— Exercise input —
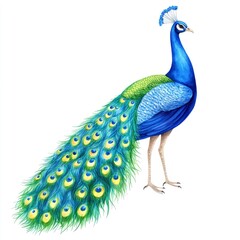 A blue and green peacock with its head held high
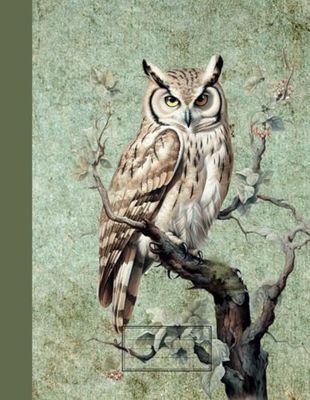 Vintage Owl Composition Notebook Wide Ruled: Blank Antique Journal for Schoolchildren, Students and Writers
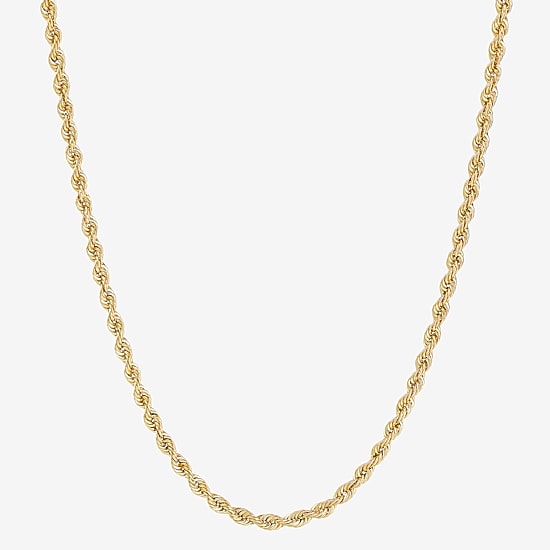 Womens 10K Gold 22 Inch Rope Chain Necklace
...
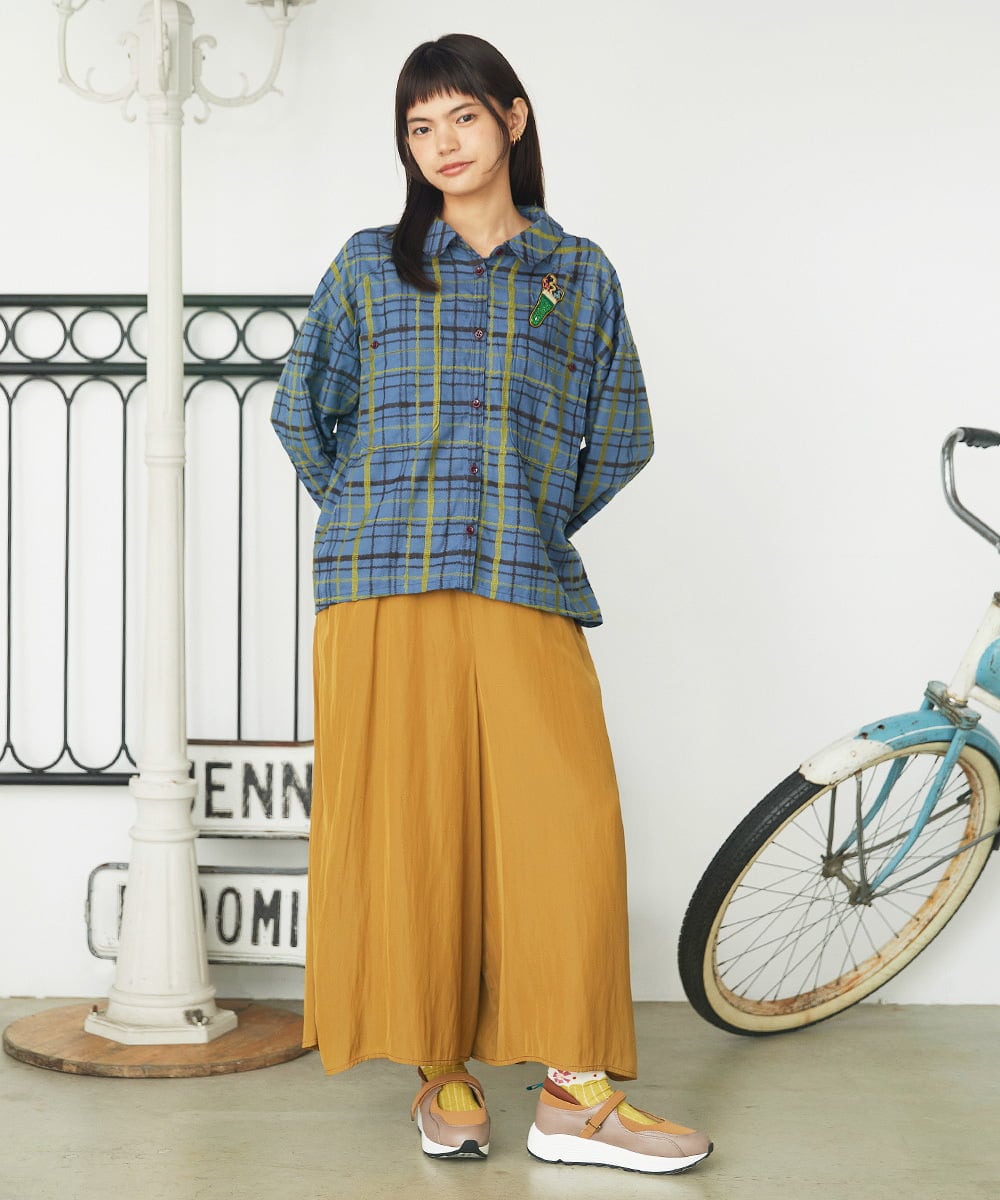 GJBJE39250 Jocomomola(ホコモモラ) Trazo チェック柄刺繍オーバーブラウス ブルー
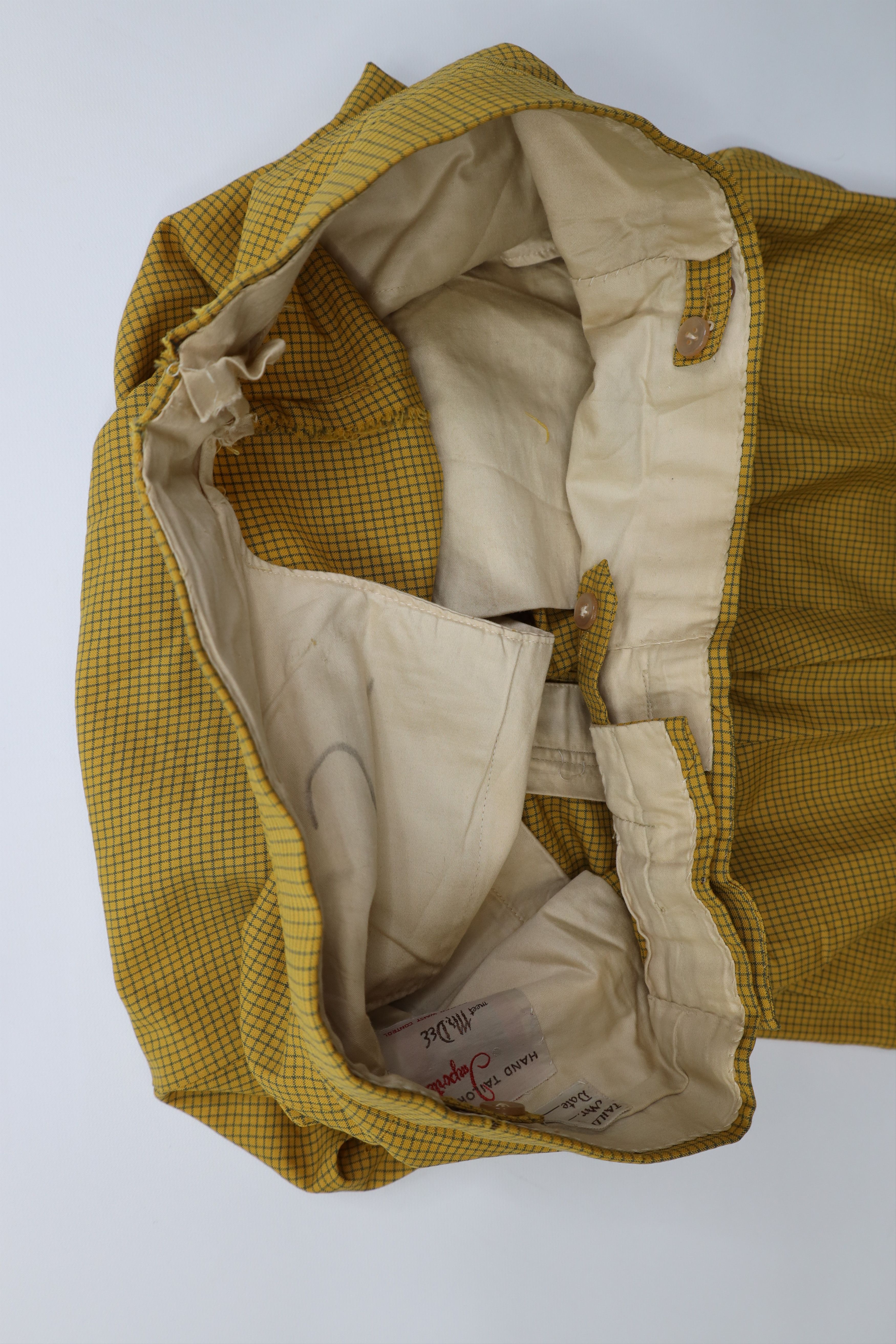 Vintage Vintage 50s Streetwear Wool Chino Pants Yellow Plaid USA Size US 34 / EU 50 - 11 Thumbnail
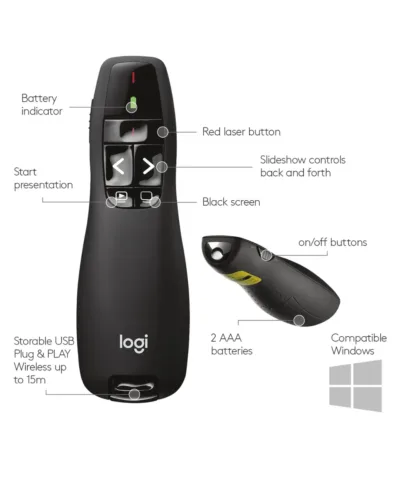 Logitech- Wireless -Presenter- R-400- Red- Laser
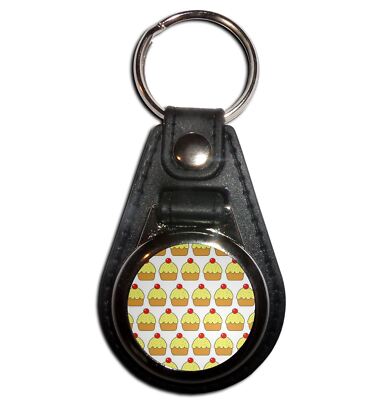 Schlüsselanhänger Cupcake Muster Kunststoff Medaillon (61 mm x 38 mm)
* * *
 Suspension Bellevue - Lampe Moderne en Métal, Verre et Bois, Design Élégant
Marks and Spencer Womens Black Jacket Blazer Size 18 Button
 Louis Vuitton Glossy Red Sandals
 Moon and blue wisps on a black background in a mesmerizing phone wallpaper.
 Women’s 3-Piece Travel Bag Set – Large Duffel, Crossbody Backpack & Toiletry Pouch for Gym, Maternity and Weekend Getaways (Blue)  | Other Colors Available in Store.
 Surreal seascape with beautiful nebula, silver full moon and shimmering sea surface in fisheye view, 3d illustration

— Work instruction —
Since the pictures are not part of the copy, please transcribe only the lines above from the one with "Logitech- Wireless -Presenter- R-400- Red- Laser" through the one with "Schlüsselanhänger Cupcake Muster", exactly and with both ends.

— Result of this exercise —
 Logitech- Wireless -Presenter- R-400- Red- Laser
 Schlüsselanhänger Cupcake Muster Kunststoff Medaillon (61 mm x 38 mm)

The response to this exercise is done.